The FCC may be moving away from the regulatory flexibility that has governed “special access”—high-speed circuits leased by a variety of customers and carriers—for over a decade. Julius Genachowski, the Chairman of the FCC, has reportedly circulated an order which would effectively reverse the FCC’s prior pattern of deregulation in the special access market. The order “offers a clear path to reform” by identifying steps to modify special access rules.

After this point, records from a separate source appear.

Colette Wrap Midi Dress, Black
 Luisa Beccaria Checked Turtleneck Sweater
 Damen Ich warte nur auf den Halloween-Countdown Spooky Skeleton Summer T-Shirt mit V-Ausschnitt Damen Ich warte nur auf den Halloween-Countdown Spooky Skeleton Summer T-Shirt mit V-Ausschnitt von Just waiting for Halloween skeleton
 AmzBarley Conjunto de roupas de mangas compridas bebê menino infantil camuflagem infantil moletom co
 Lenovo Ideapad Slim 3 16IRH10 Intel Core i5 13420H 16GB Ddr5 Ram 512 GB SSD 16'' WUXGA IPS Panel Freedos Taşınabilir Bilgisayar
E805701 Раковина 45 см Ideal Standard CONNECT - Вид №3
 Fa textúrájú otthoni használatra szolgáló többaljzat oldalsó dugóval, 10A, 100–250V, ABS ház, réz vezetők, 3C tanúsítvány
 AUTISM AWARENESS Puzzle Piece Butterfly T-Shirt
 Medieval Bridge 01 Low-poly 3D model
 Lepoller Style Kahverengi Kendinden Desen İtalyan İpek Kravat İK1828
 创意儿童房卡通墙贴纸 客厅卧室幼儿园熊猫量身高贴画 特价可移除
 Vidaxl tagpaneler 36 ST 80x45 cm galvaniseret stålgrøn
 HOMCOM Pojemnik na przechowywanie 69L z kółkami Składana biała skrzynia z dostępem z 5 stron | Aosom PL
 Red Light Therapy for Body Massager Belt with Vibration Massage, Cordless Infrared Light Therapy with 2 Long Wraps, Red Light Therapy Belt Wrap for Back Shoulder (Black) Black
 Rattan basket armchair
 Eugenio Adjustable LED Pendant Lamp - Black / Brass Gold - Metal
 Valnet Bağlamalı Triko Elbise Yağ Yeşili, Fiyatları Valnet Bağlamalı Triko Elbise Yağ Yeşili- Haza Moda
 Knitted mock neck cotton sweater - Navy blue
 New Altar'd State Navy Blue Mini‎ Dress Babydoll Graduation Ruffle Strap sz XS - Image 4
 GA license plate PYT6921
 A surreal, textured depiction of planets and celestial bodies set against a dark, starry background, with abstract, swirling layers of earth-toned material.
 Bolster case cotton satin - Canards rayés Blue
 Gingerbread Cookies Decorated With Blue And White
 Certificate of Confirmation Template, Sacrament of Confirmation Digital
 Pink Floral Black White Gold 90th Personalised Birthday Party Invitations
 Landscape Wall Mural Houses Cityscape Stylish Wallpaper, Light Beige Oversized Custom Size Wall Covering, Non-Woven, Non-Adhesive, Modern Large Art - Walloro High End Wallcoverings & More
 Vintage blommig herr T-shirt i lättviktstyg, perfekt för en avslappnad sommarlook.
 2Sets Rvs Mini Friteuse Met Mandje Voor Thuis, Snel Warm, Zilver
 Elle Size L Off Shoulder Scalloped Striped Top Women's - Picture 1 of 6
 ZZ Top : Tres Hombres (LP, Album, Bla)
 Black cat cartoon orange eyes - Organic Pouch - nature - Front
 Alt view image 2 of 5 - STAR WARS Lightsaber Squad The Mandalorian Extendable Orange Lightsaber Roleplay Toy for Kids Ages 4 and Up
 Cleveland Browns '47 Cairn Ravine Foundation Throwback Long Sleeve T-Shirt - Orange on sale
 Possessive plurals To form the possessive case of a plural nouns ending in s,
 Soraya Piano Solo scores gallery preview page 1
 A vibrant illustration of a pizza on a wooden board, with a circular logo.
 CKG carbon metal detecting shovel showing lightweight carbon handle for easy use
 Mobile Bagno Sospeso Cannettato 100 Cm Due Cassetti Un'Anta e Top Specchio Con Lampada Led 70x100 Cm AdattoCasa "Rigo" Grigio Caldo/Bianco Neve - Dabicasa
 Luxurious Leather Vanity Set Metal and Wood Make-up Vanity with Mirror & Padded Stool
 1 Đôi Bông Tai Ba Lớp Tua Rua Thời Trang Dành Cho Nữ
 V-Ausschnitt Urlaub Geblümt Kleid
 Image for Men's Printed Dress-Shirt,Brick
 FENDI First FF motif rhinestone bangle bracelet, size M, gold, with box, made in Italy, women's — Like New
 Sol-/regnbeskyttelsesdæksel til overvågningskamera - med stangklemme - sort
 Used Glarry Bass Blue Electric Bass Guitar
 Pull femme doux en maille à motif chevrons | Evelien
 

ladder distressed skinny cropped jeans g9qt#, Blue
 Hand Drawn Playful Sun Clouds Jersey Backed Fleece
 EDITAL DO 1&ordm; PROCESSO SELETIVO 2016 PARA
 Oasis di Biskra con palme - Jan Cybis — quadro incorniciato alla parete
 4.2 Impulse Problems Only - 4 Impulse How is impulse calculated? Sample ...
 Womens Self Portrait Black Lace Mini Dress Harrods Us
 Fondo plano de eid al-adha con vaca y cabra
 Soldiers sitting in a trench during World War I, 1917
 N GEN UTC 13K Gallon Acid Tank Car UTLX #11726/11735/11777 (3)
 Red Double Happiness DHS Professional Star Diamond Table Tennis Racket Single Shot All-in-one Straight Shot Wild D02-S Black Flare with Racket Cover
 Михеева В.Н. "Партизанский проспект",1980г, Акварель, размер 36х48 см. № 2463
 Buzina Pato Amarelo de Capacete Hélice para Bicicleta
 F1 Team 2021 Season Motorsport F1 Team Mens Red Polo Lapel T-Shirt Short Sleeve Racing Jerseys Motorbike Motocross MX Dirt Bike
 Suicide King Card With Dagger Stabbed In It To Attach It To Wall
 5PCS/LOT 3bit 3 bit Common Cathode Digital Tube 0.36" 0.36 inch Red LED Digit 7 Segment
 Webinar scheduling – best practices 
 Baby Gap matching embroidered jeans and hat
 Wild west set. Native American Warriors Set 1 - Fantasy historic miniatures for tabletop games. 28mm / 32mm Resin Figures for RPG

Among other things, the order “include[s] a process to collect necessary data, which has thus far been insufficient” and also calls for suspension of all currently pending petitions for pricing flexibility until after a determination can be made concerning the state of competition in the special access market.
According to an FCC official, “There is a widespread agreement that the existing framework is broken, which is why [the FCC] propose[s] to temporarily suspend consideration of pricing flexibility petitions pending development of a new framework.” Josh Long, "FCC Chairman Moves Forward on Special Access," BILLING & OSS WORLD, June 5, 2012, available at http://www.billingworld.com/news/2012/06/fcc-chairman-moves-forward-on-special-access.aspx.
FCC officials argue that the special access reforms are “aim[ed] to protect competition; ensure access to robust, affordable broadband for small business, mobile providers, and others; and eliminate regulations where evidence of competition exists.” Id.
The order would not set a timeline for the implementation of changes and is “being seen as a way to kick off the next stage of special access reform.”